GOAL OF THE EXERCISE ->
Reproduce the entries exactly, but keep the pictures out of the copy.

Recorded data
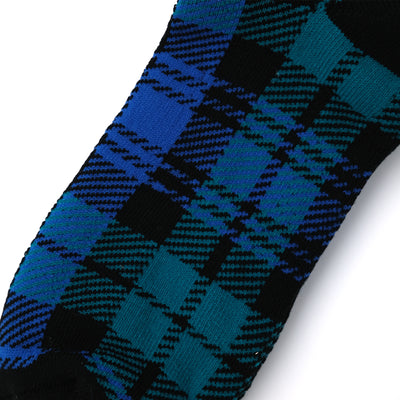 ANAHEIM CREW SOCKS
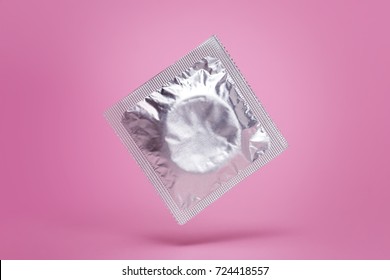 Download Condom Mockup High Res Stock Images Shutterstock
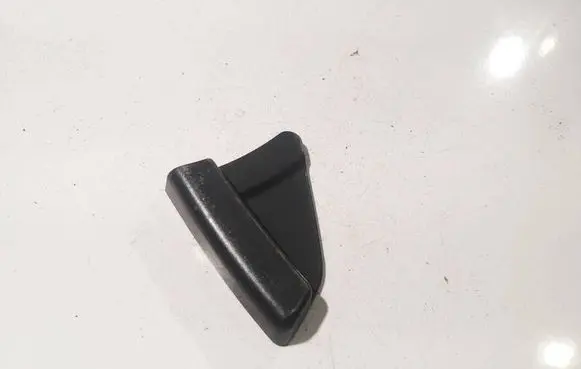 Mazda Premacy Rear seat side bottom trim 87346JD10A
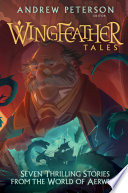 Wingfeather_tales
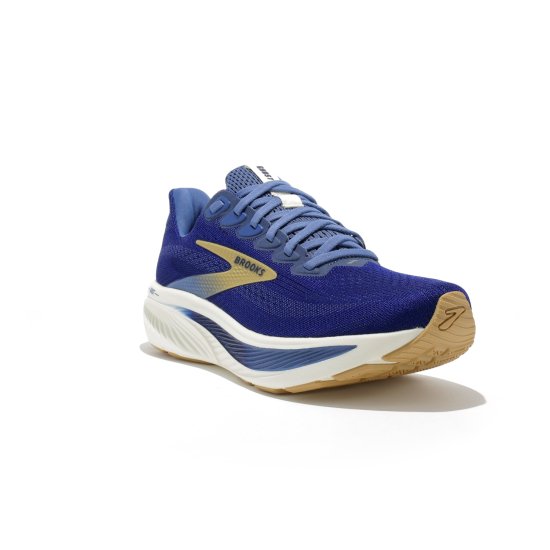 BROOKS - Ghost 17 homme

COMPLETED EXERCISE ->
 ANAHEIM CREW SOCKS
 Download Condom Mockup High Res Stock Images Shutterstock
 Mazda Premacy Rear seat side bottom trim 87346JD10A
 Wingfeather_tales
 BROOKS - Ghost 17 homme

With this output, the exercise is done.